Quantum Chemistry Preprocessing for Industrial Data : A Case Study with SOAP and MNIST

Abstract

The goal of this study was to explore the application of quantum chemistry-inspired feature extraction techniques to structured point cloud data, using the Smooth Overlap of Atomic Positions (SOAP) descriptor for classification tasks. The work focuses on adapting SOAP, traditionally used for atomic structures, to process 2D grayscale MNIST handwritten digits transformed into 3D point clouds. The aim is to achieve invariant representations under rotation, translation, and mirror transformations while eliminating the need for data augmentation. Methodologically, the MNIST digits were converted into 3D point clouds, with SOAP applied to generate rotationally and translationally invariant feature vectors. The resulting SOAP power spectra are used as inputs for classification models. Dimensionality reduction was investigated using autoencoders to analyze the trade-off between feature compression and information retention. Additionally, the robustness of the approach was tested by introducing Gaussian noise to evaluate classification performance under data perturbations. The findings demonstrate that SOAP-based feature extraction effectively captures local structural information, enabling accurate classification without reliance on augmented data. Dimensionality reduction preserves essential features while significantly compressing the data.
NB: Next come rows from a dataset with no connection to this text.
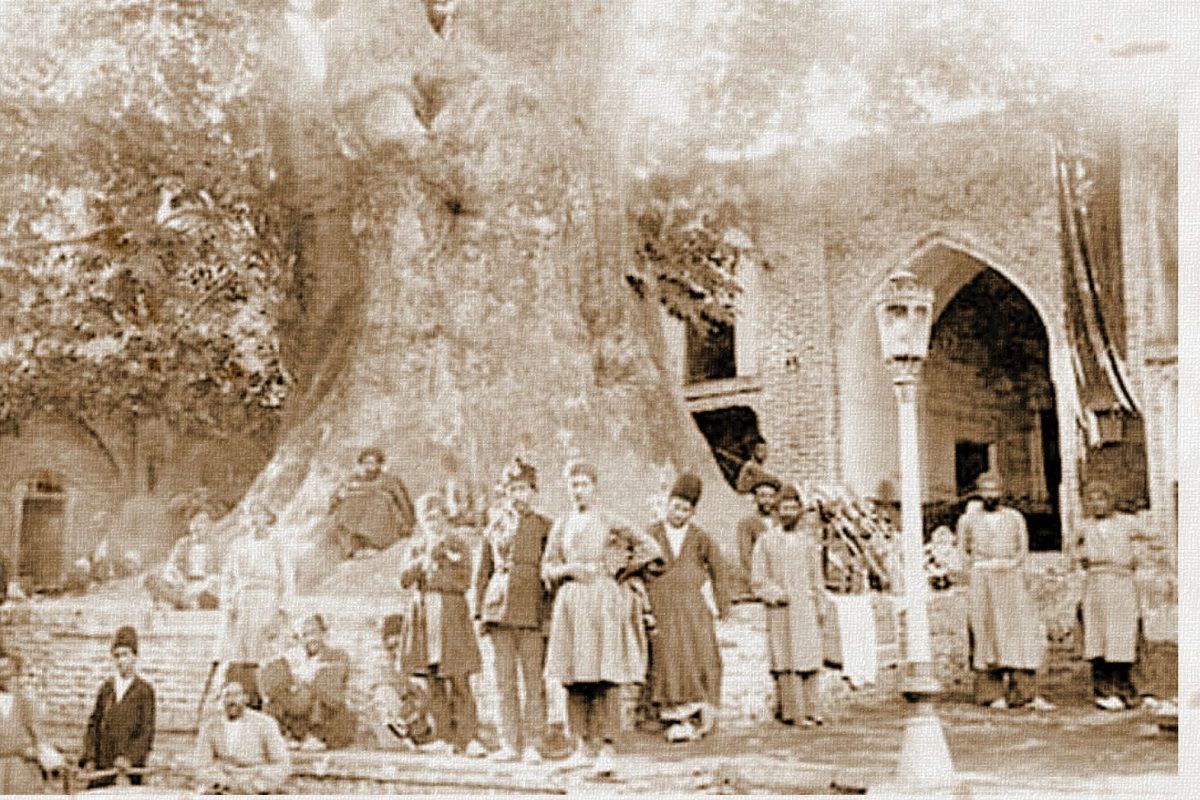 (عکس) چنار باشکوه امامزاده صالح (ع)؛ یک قرن قبل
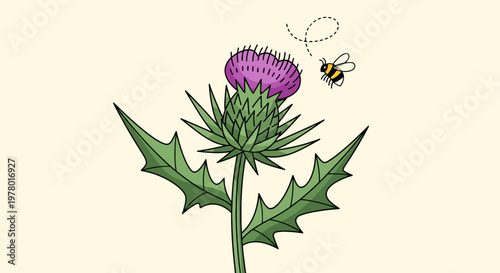 Hand-drawn illustration of a purple thistle flower visited by a bee depicted against a cream background in a cartoon style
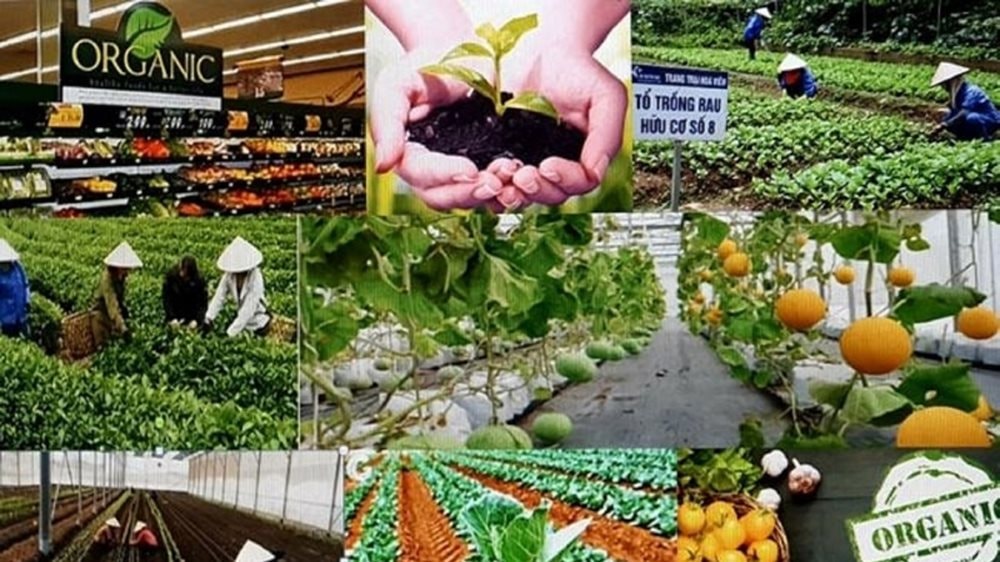 Triển khai Nghị định số 156/2025/NĐ-CP ngày 16/6/2025 của Chính phủ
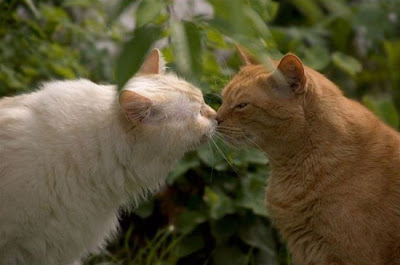 Foto Manis Lucu Hewan Berciuman Ciuman Rubah Kucing Gambar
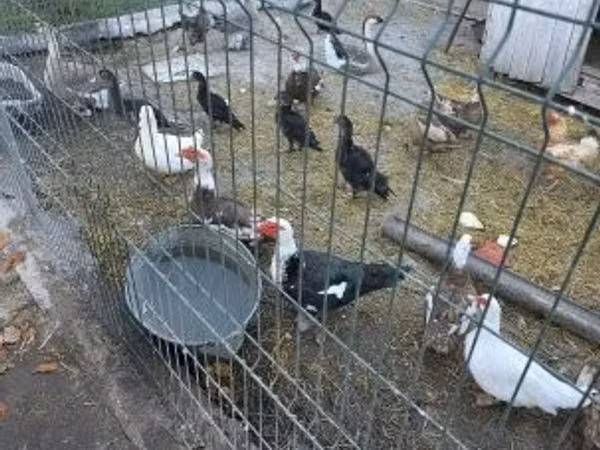 Ducks — مجارستان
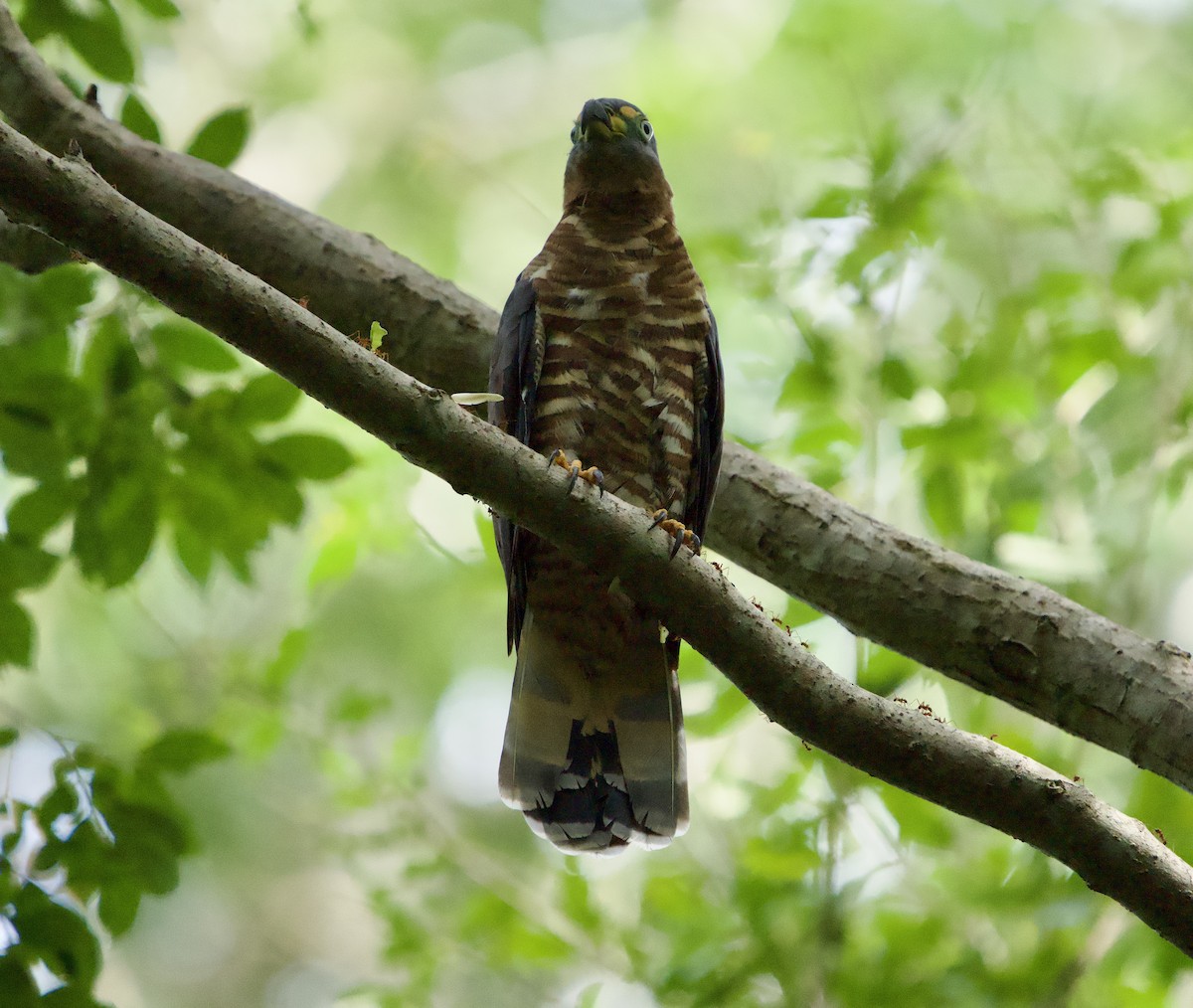 Hook-billed Kite - ML646129505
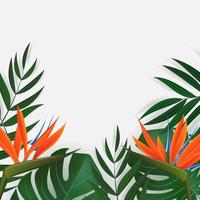 naturligt realistiskt grönt palmblad med strelitzia blomma tropisk bakgrund. vektor illustration eps10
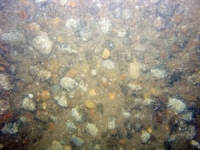 Image of seabed - photo.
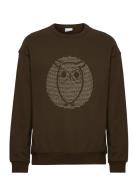 Loose Fit Sweat With Owl Print - Go Tops Sweatshirts & Hoodies Sweatshirts Khaki Green Knowledge Cotton Apparel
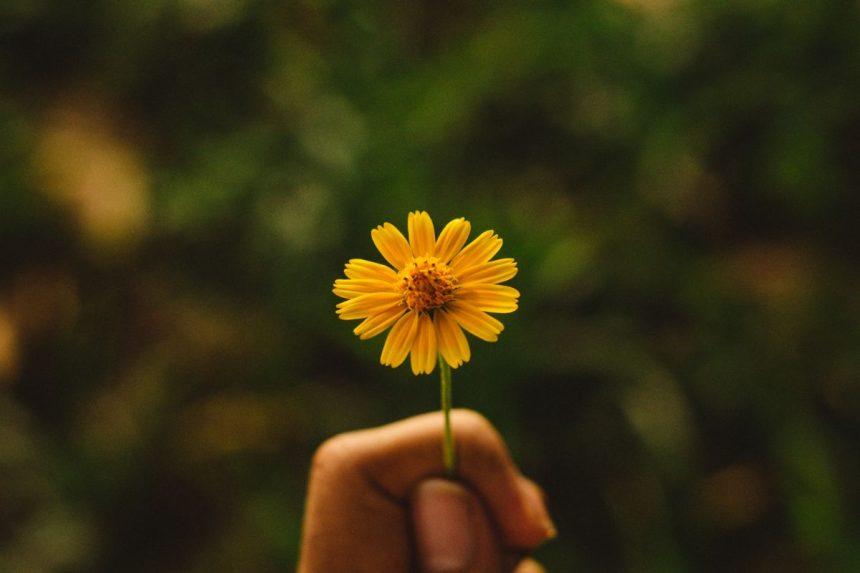 Dalykai, dėl kurių niekada neturėtumėte atsiprašinėti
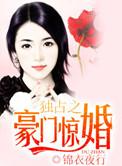 独占之豪门惊婚by锦衣夜行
The method exhibits stability under noise, maintaining performance despite perturbations. The study highlights the versatility of SOAP for non-chemistry-based point cloud data, offering a robust alternative to traditional feature extraction techniques. The results suggest potential applications in other domains requiring invariant representations of structured data. Further research could explore scalability to larger datasets or different data modalities.